HenrikBengtsson / doFuture

:rocket: R package: doFuture - Use Foreach to Parallelize via Future Framework
https://doFuture.futureverse.org
84 stars 6 forks source link

Adverb to make other foreach-based functions futurized #15

Closed richierocks closed 5 years ago

richierocks commented 6 years ago

Suppose you have a function that uses foreach.

foreach_rnorm <- function(n, mu, sigma) {
  registerDoFuture()
  plan(multiprocess)
  foreach(i = seq_len(n), .export = c("mu", "sigma")) %dopar% {
    rnorm(i, mean = mu, sd = sigma)
  }
}

This forces the user to use the multiprocess strategy. It would be nice if the function let the user pass the strategy to plan(). The proper logic is likely to be even more complicated than this but this hopefully communicates the idea.

foreach_rnorm2 <- function(n, mu, sigma, plan_strategy = c("sequential", "transparent", "multisession", "multicore", "cluster", "remote"), n_workers = 1) {
  plan_strategy <- match.arg(plan_strategy)
  registerDoFuture()
  if(plan_strategy == "cluster") {
  cl <- makeCluster(n_workers)
    plan(plan_strategy, substitute = FALSE, workers = cl)
  } else {
    plan(plan_strategy, substitute = FALSE)
  }
  plan(plan_strategy, substitute = FALSE, workers = cl)
  foreach(i = seq_len(n), .export = c("mu", "sigma")) %dopar% {
    rnorm(i, mean = mu, sd = sigma)
  }
}

The big problem with foreach_rnorm2() is that now there is a lot of future boilerplate code mixed in with the function logic. Ideally this would be separated out. I think that an adverb, similar to purrr::safely(), is the cleanest option.
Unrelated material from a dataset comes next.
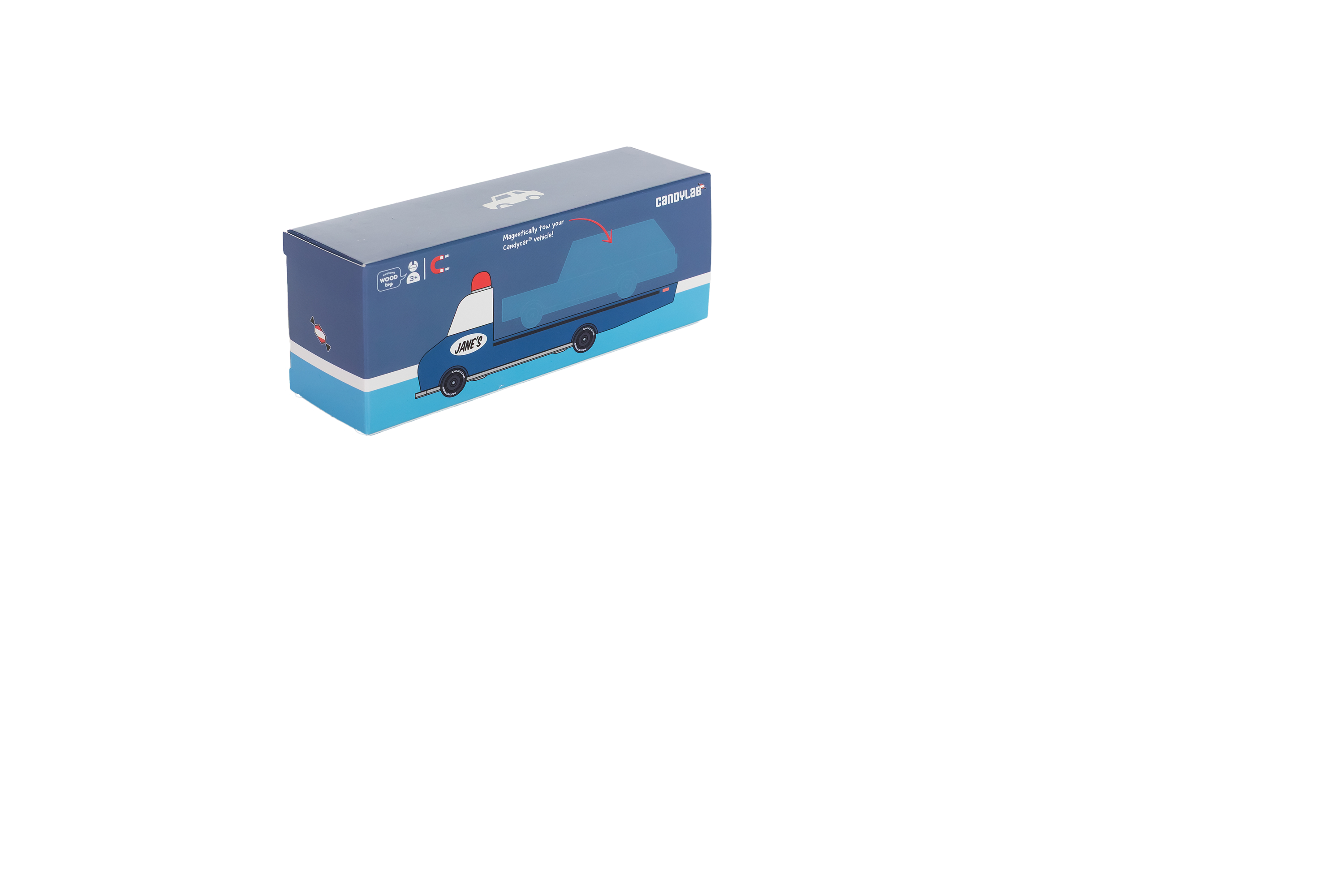 Jane's Tow truck – Candylab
That is, you want the user to be able to write

new_fn <- futurize(fn)

Or in this specific case

futurized_foreach <- futurize(
  foreach_rnorm <- function(n, mu, sigma) {
    foreach(i = seq_len(n), .export = c("mu", "sigma")) %dopar% {
      rnorm(i, mean = mu, sd = sigma)
    }
  }
)

I think the implementation is a more complex version of

futurize <- function(.f) {
  .f <- purrr::as_mapper(.f)
  function(..., plan_strategy = c("sequential", "transparent", "multisession", "multicore", "cluster", "remote"), n_workers = 1) {
    plan_strategy <- match.arg(plan_strategy)
    registerDoFuture()
    if(plan_strategy == "cluster") {
      cl <- makeCluster(n_workers)
      plan(plan_strategy, substitute = FALSE, workers = cl)
    } else {
      plan(plan_strategy, substitute = FALSE)
    }
    .f(...)
  }
}

Does this sound like something worth pursuing?
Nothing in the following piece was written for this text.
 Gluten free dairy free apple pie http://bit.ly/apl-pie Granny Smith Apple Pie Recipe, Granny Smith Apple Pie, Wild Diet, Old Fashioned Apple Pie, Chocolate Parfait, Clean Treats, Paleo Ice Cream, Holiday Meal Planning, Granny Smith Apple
HenrikBengtsson commented 6 years ago

The philosophy of the future package/Future API is that as a developer you cannot make any assumptions on what type of computational resources the end user will have access to. Because of this, it should be up to the end user to control the future strategy. This basically also means one shouldn't limit what type of futures can be used by hard coding it into, say, a package. Who know, there might be a new amazing future backend showing up years from now and then it's a petty if it cannot be used.

With all that said, is there a reason why you don't want to use?

# End user controls this
registerDoFuture()
plan(multiprocess)

# Developer controls this
foreach_rnorm <- function(n, mu, sigma) {
  foreach(i = seq_len(n), .export = c("mu", "sigma")) %dopar% {
    rnorm(i, mean = mu, sd = sigma)
  }
}

There might be valid reason for incorporating plan() calls internally in the code, but avoiding it should be the goal. From my experience, this is often possible to do. Also, if setting plan() internally, it's important to undo any such changes because the code must also work if already called by other code than might already be running in parallel and/or rely on the future framework.

HenrikBengtsson commented 5 years ago

I'm closing this one because I don't think it belongs here in doFuture. It might fight over at the future package - please reopen there if you want.